Russia, like many countries of the Former Soviet Union including new EU members such as the Baltic states, have high rates of TB which is often resistant to the main drugs used in therapy.
As a rapid epidemic of HIV infection (and other blood-borne viruses) is also being seen in many of these states, Francis Drobniewski (King's College Hospital Dulwich, London, UK) and his British and Russian colleagues examined the role of prisons in bringing these two diseases together performing one of the largest (and the largest in Eastern Europe) population-based studies of TB patients.
The authors analysed the prevalence of HIV amongst 1345 prisoners with TB in one region of Russia and identified risk factors for HIV infection and drug resistant TB.
HIV and hepatitis B and/or C co-infection occurred in 12.2% and in 24.1% of prisoners respectively, and rates were significantly higher than in civilians. Almost half of prisoners were drug-users, most intravenously, frequently sharing needles. Over two-thirds of prisoners had had previous TB drug therapy linking with the significantly higher drug resistant TB rates seen.

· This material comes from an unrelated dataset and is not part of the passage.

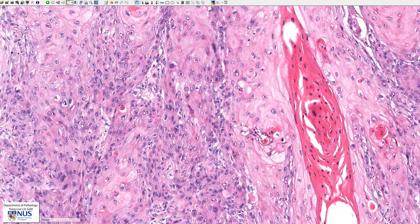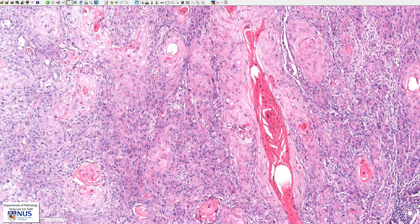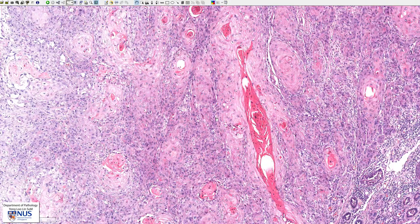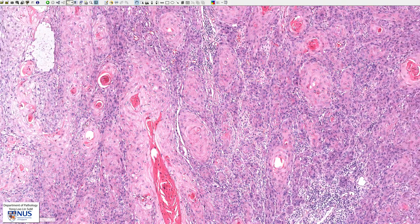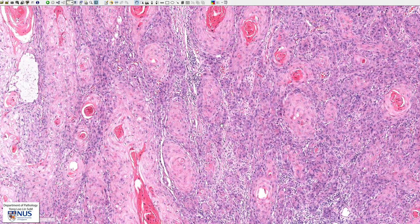There are some features that tell us that this is a squamous cell carcinoma. Firstly, the architecture of the malignant cells — they tend to form solid sheets and nests, and we don't see any gland formation or any lumen formation.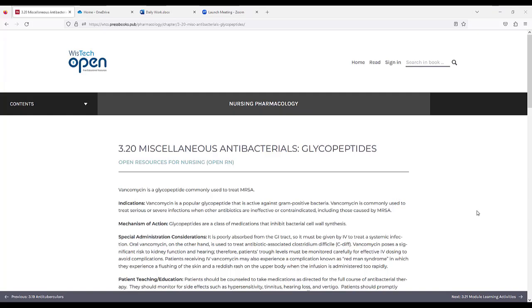Mechanism of Action. Glycopeptides are a class of medications that inhibit bacterial cell wall synthesis.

Prison health affects civil society and the study has implications and lessons for other countries with high rates of incarceration, such as the USA and UK, and high rates of prisoner drug use (for example, in the UK it is estimated that 24% of prisoners are injecting drug users).
Prisons are major drivers of the TB and HIV epidemics and should be one of the main sites for HIV harm reduction activities.